Building
on a long history of seismic data acquisition in the harsh North
Atlantic, a Calgary-based geophysical company is taking the plunge
to explore for oil and gas in the icy waters of offshore Labrador.
After a
hiatus of more than 20 years, Geophysical Service Inc. (GSI) has
returned to Labrador's continental shelf, investing US $23 million
to purchase and equip a seismic vessel, and to acquire more than
10,000 kilometers of 2-D seismic data.
In early
October, GSI completed this year's program of approximately 9,000
kilometers of 2-D seismic data off the Labrador coast. Labrador's
continental shelf is about 250 kilometers wide and extends 2,000
kilometers from the northern tip of Newfoundland to Baffin Island.
The area is characterized by rough seas and sporadic iceberg traffic.
"We're
the pointy tip of the exploration stage," said Paul Einarrson, GSI's
chief operating officer, chairman and executive vice president.
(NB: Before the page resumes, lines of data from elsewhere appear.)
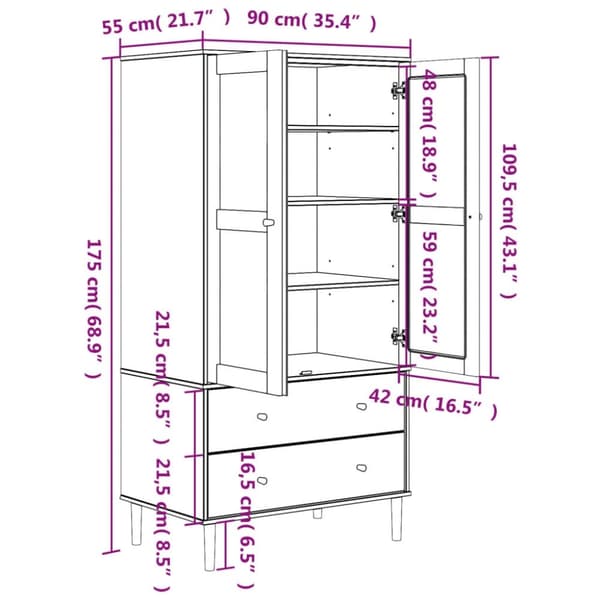 vidaXL Garderob SENJA rottinglook vit 90x55x175 cm massiv furu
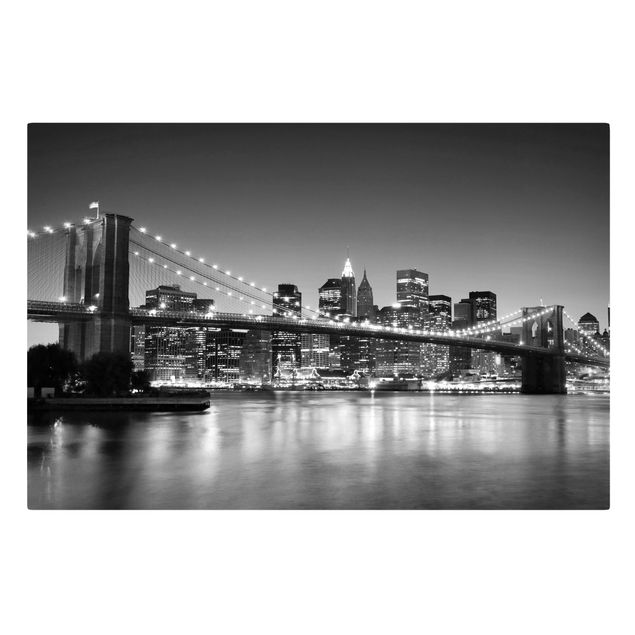 Canvastavlor svart och vitt Brooklyn Bridge in New York II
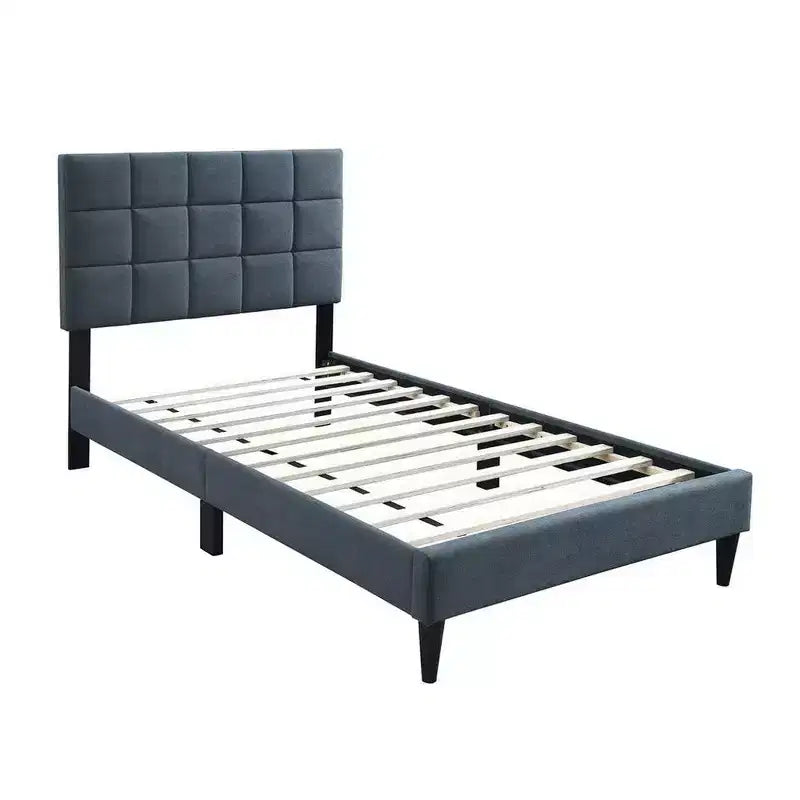 Lit jumeau Royal Hampton, revêtement en lin gris anthracite touffeté couleur biscuit doux
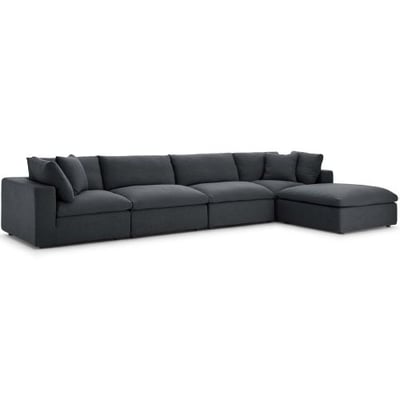 Modway Commix Down Filled Overstuffed 5 Piece Sectional Sofa Set, Seating for 4-Ottoman, Gray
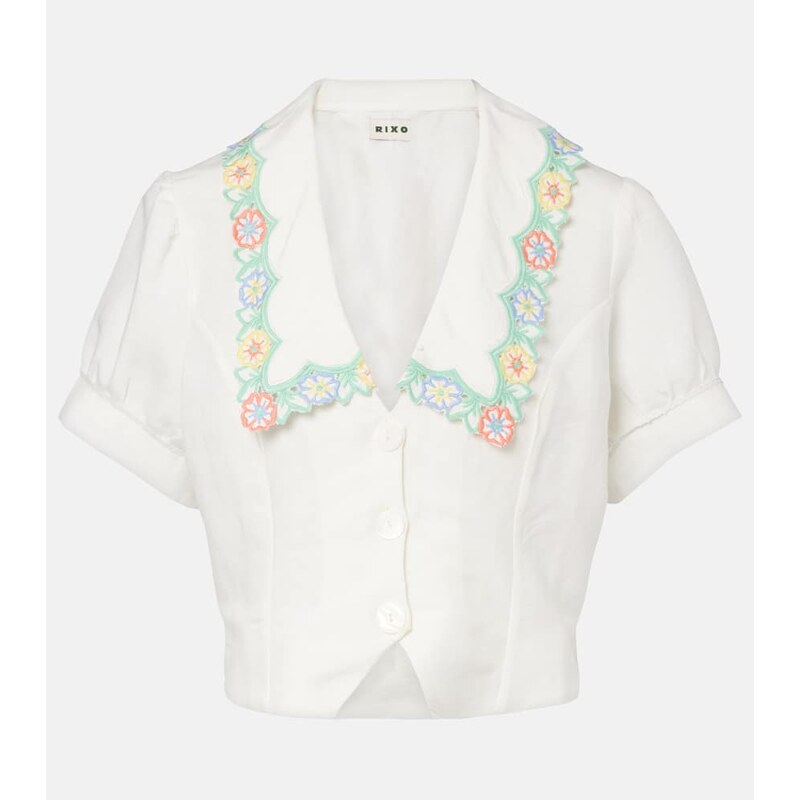 Rixo Iveta embroidered cropped linen-blend top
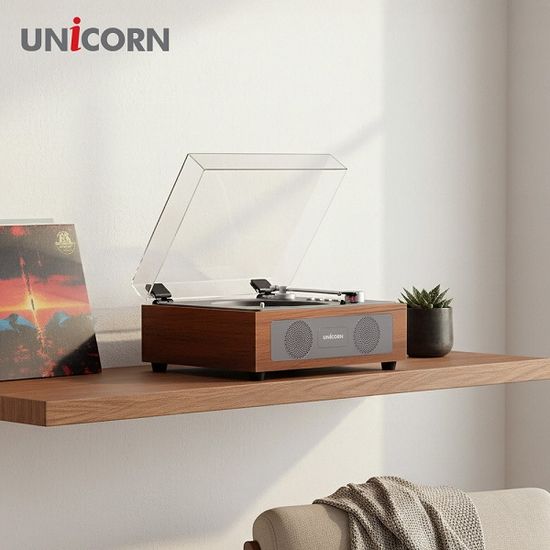 유니콘 엔틱 레트로 블루투스 휴대용 무선CD플레이어 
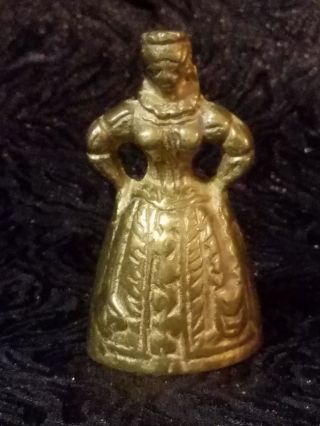 Antique Victorian Elizabethan Brass Lady Bell With Feet Clapper B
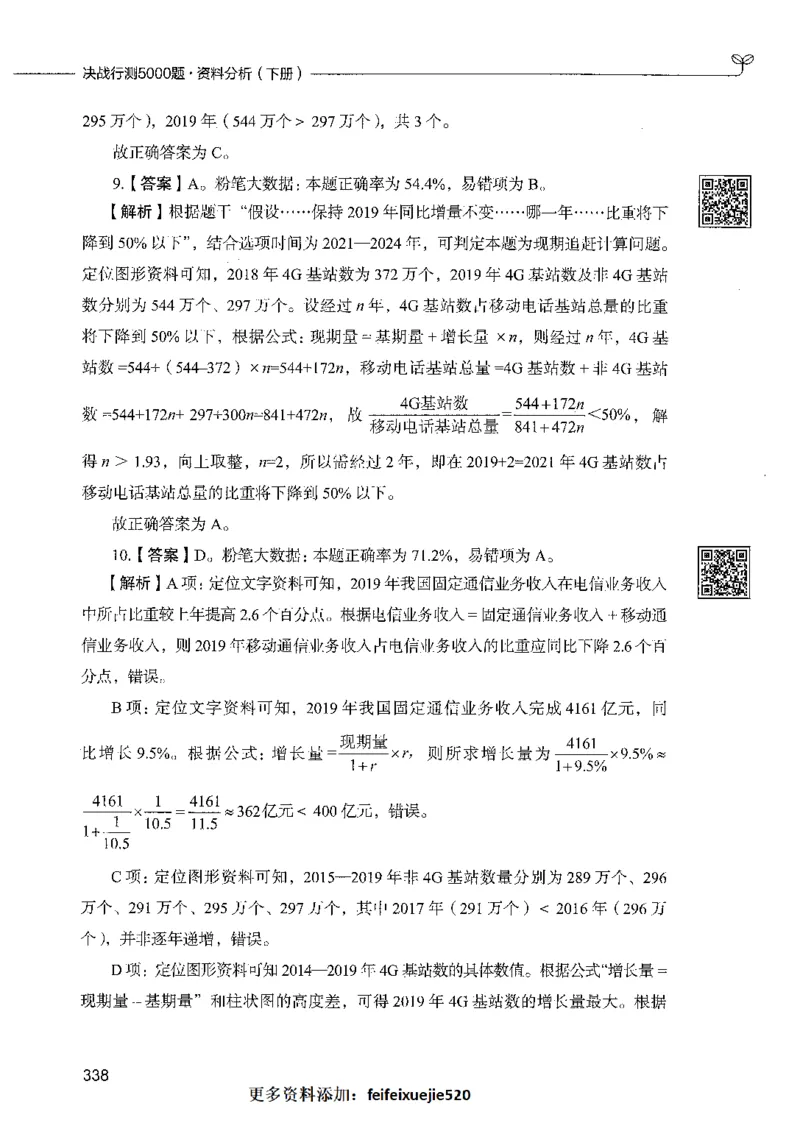 10资料分析（答案）_26吉林考备考资料包_11省考刷题包_04决战行测5000题_行测5000题2021年7月版次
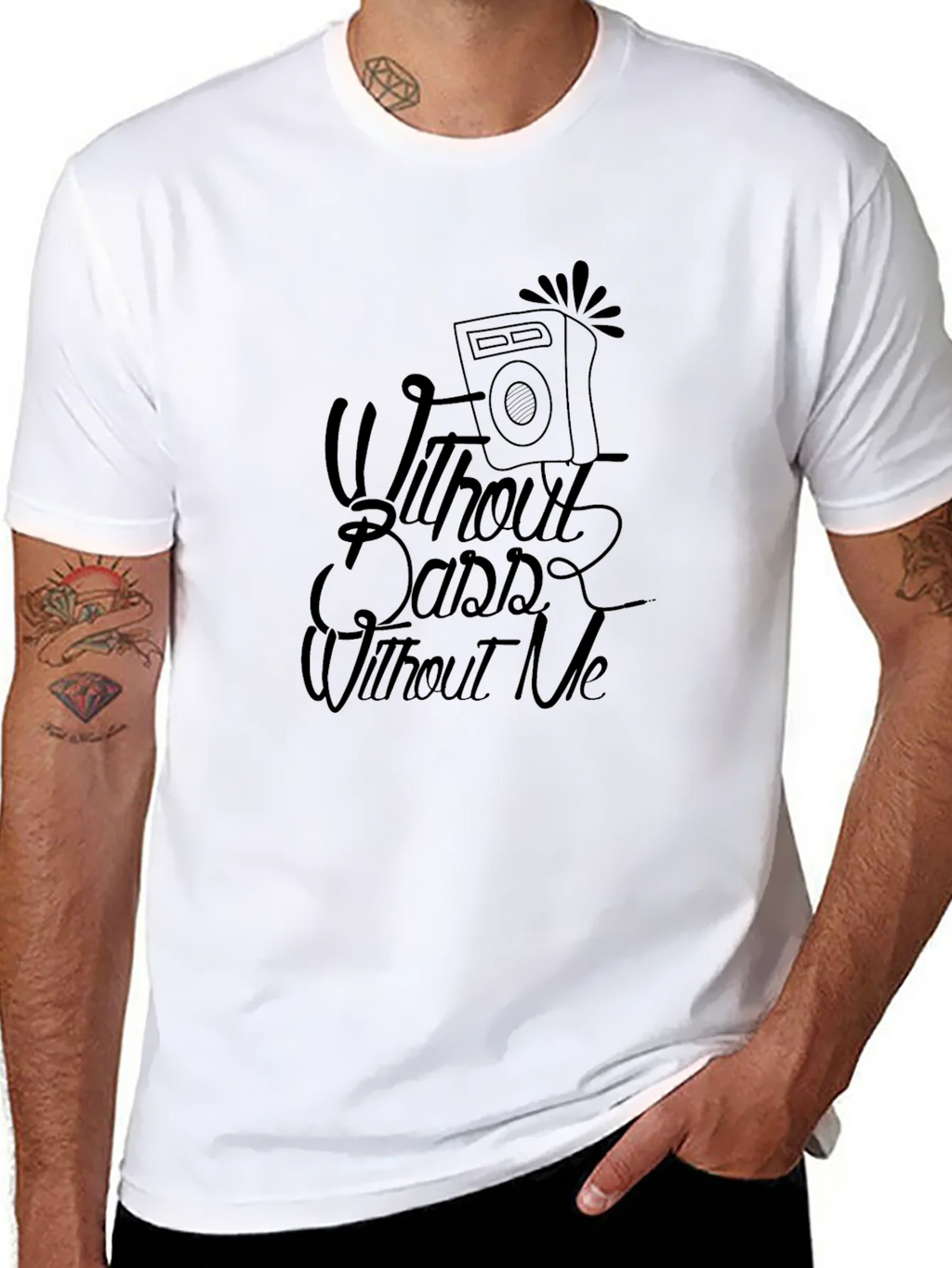 Without Bass Me Black Graphic T-Shirt product image 7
"We're very little, but very important.
"We've
been working here (Atlantic Canada) longer than anyone else," he
added. "We understand the geology, the players and their level of
interest in the oil and gas basins."
During
the late 1970s and early 1980s, the oil and gas industry drilled
27 wells off the Labrador coast, resulting in five significant discoveries
totaling 4.2 Tcf of natural gas and 123 million barrels of natural
gas liquids. Because the industry was looking for oil, the gas discoveries
were deemed a technical success but a commercial failure. Accordingly,
Labrador's stranded gas reserves have languished for more than 20
years.
But rising
natural gas prices — combined with a North American gas market
that is becoming increasingly constrained by supply — make Labrador's
stranded gas reserves all the more attractive.
According
to Einarrson, recent developments in production technologies have
finally caught up to the remote areas of offshore Labrador, including:
- Liquefied natural gas.
- Compressed natural gas.
- Floating Production, Storage and Offloading (FPSO) facilities
like the one being installed at the White Rose Field, offshore
Newfoundland, which offer possible options for the harsh Labrador
environment.
"We want
to figure out how to get this gas to Boston," Einarrson said.
The Magic
Bus
Steven
Campbell, president of Trans Ocean Gas, hopes to deliver stranded
gas to southern markets from the White Rose oil field by 2011, and
from the Labrador Shelf within 10 years' time. Campbell, a native
of Newfoundland, intends to supply markets that don't have existing
pipelines or liquefied natural gas (LNG) facilities. St. John's-based
Trans Ocean Gas has patented the concept of using ships to transport
compressed natural gas (CNG) in fiber-reinforced plastic (FRP) pressure
vessels. According to Campbell, FRP cylinders are already used as
fuel tanks for applications ranging from fighter jets to city buses.
In 1999,
Campbell, a petroleum engineer with both onshore and offshore facilities
experience, began researching the numerous technologies that might
be suitable to produce the stranded gas reserves of offshore Newfoundland
and Labrador. Campbell's epiphany came shortly thereafter, on a
street corner in Calgary: He observed a city bus drive by, equipped
with a FRP pressure vessel on the roof, and advertising that it
was fueled by CNG.
The rest,
as they say, is history.
Earlier
this year, Trans Ocean was one of nine companies invited by Husky
Energy to submit proposals on how to produce White Rose's 2.7 Tcf
of associated natural gas.
"We know
that we're on the verge of creating a multi-billion dollar a year
industry," Campbell said. At a cost of US $1 billion, Trans Ocean's
proposal contemplates the construction of three container ships,
each capable of carrying 1 Bcf of natural gas to market. Each ship
would be equipped with 690 cassettes (large racks) that, in turn,
each house 24 pressure vessels or cylinders — a whopping 16,560
pressure cylinders per ship. Trans Ocean's ships would connect to
a FPSO unit, transferring gas into the pressurized cylinders at
3,600 psi (pounds per square inch).
According
to the Canada-Newfoundland Offshore Petroleum Board:
- The Grand Banks contain 5.4 Tcf of stranded gas reserves and 313
million barrels of natural gas liquids (NGLs).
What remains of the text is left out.